* AIM OF THE TASK *
For each record below, output its text exactly and skip any picture.

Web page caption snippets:
::::

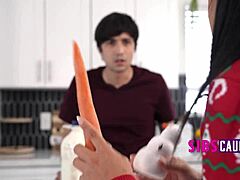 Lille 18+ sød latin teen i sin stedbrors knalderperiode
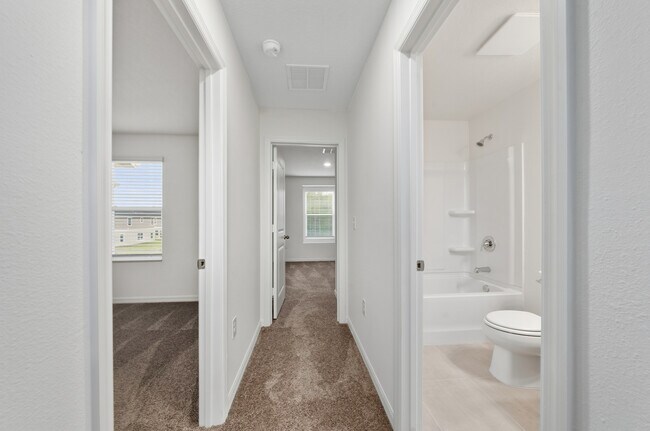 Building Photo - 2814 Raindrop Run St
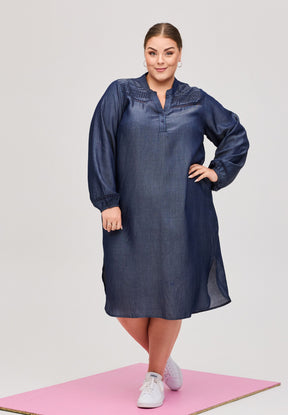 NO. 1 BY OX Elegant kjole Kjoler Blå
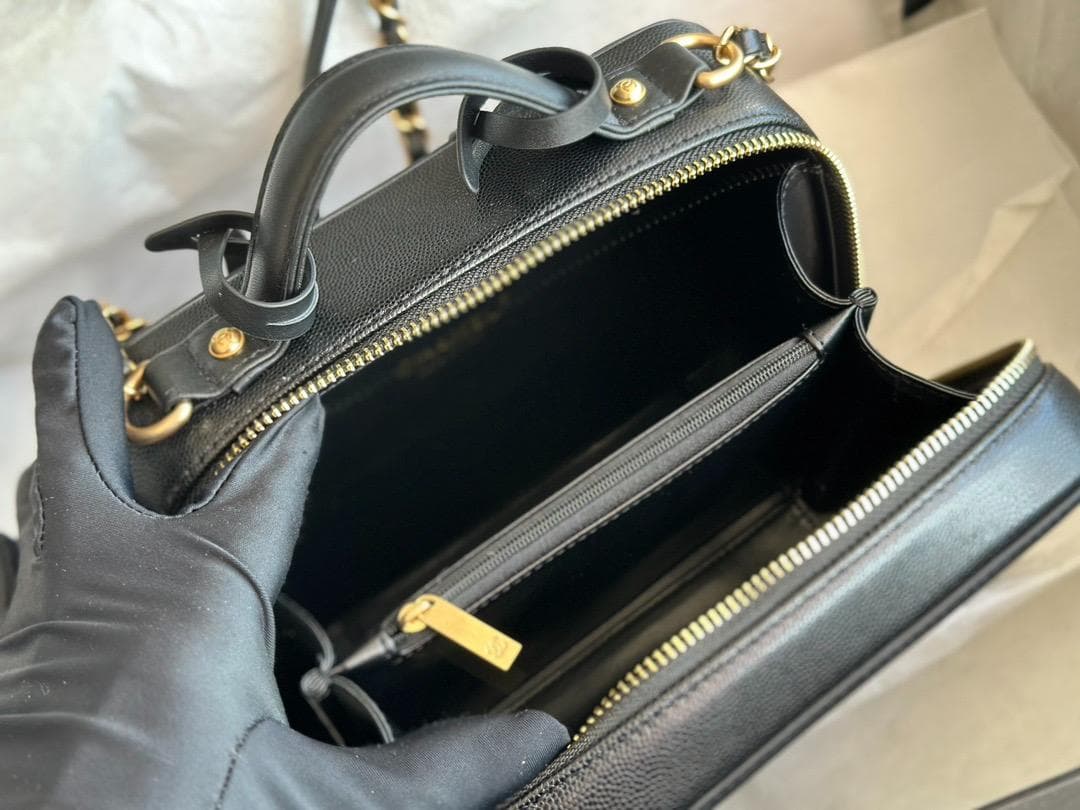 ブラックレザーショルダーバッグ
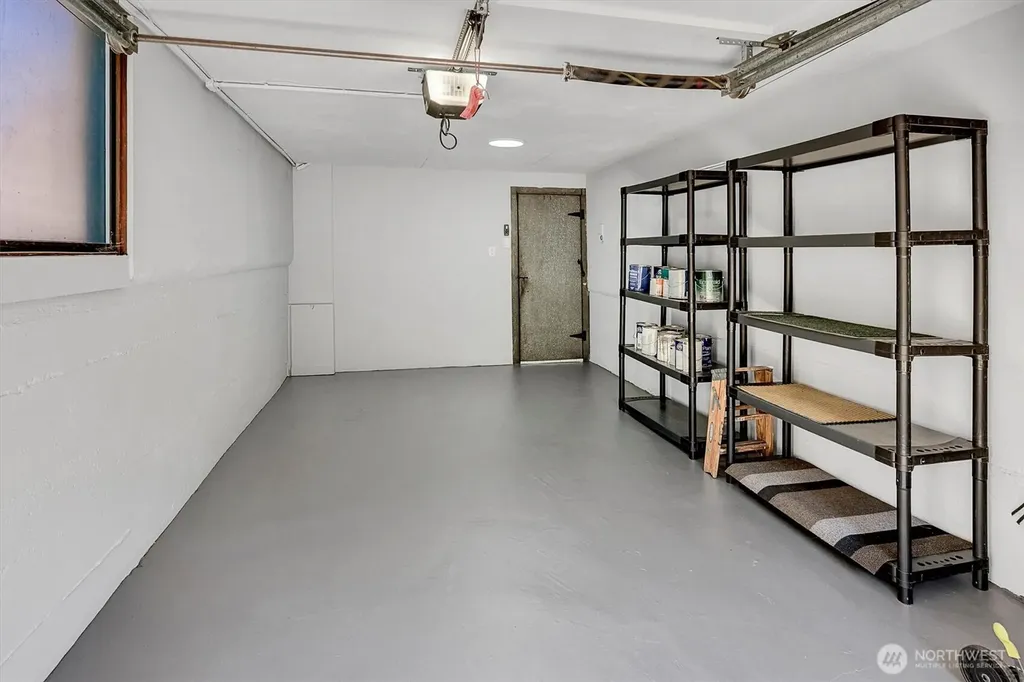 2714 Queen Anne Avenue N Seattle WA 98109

::::

* ANSWER BOX *
 Lille 18+ sød latin teen i sin stedbrors knalderperiode
 Building Photo - 2814 Raindrop Run St
 NO. 1 BY OX Elegant kjole Kjoler Blå
 ブラックレザーショルダーバッグ
 2714 Queen Anne Avenue N Seattle WA 98109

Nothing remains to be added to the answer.